1. A method for inducing cytotoxic T-cells, the method comprising: generating a target cell for cytotoxic T-cells on which surface HLA molecules are bound by one or more types of amino acid sequence selected from the group consisting of SEQ ID NOS: 1 to 13 and consisting of not less than 8 and not more than 11 amino acid residues, or a peptide derived from a precursor thereof.

2. The method as set forth in claim 1, wherein the peptide or the peptide derived from a precursor thereof binds to a human HLA-A24 molecule on the surface of the target cell.

3. A cytotoxic T-cell inducer comprising at least one of a peptide and a precursor thereof, the peptide comprising one or more types of amino acid sequence selected from the group consisting of SEQ ID NOS: 1 to 13, consisting of not less than 8 and not more than 11 amino acid residues, and binding to an HLA molecule on the surface of a cell that is a target of a cytotoxic T-cell.

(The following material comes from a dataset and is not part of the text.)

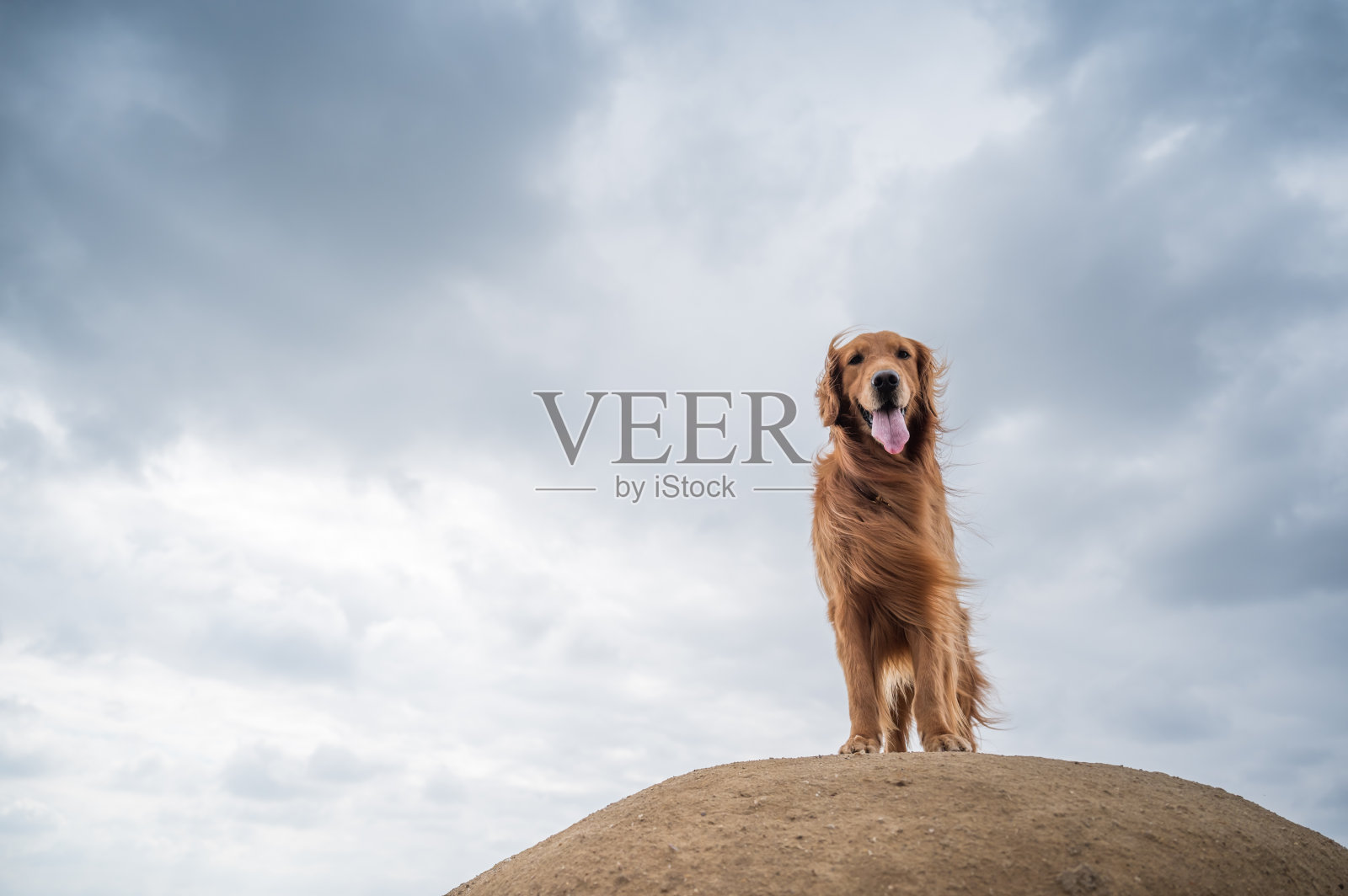 金毛猎犬站在岩石的顶端照片摄影图片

4. A pharmaceutical composition for the treatment of a disease that is caused by hepatitis C virus, the composition comprising at least one of a peptide and a precursor thereof, the peptide comprising one or more types of amino acid sequence selected from the group consisting of SEQ ID NOS: 1 to 13, consisting of not less than 8 and not more than 11 amino acid residues, and binding to an HLA molecule on the surface of a cell infected with hepatitis C virus.

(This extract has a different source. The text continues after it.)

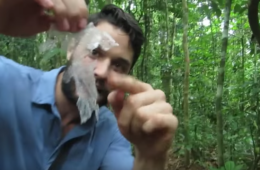 Check Out The Damage Leaf Cutter Ants Inflicted on This Guy’s Camera Setup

5. A vaccine used for the prevention or treatment of a disease that is caused by hepatitis C virus, the vaccine comprising at least one of a peptide and a precursor thereof, the peptide comprising one or more types of amino acid sequence selected from the group consisting of SEQ ID NOS: 1 to 13, consisting of not less than 8 and not more than 11 amino acid residues, and binding to an HLA molecule on the surface of a cell infected with hepatitis C virus.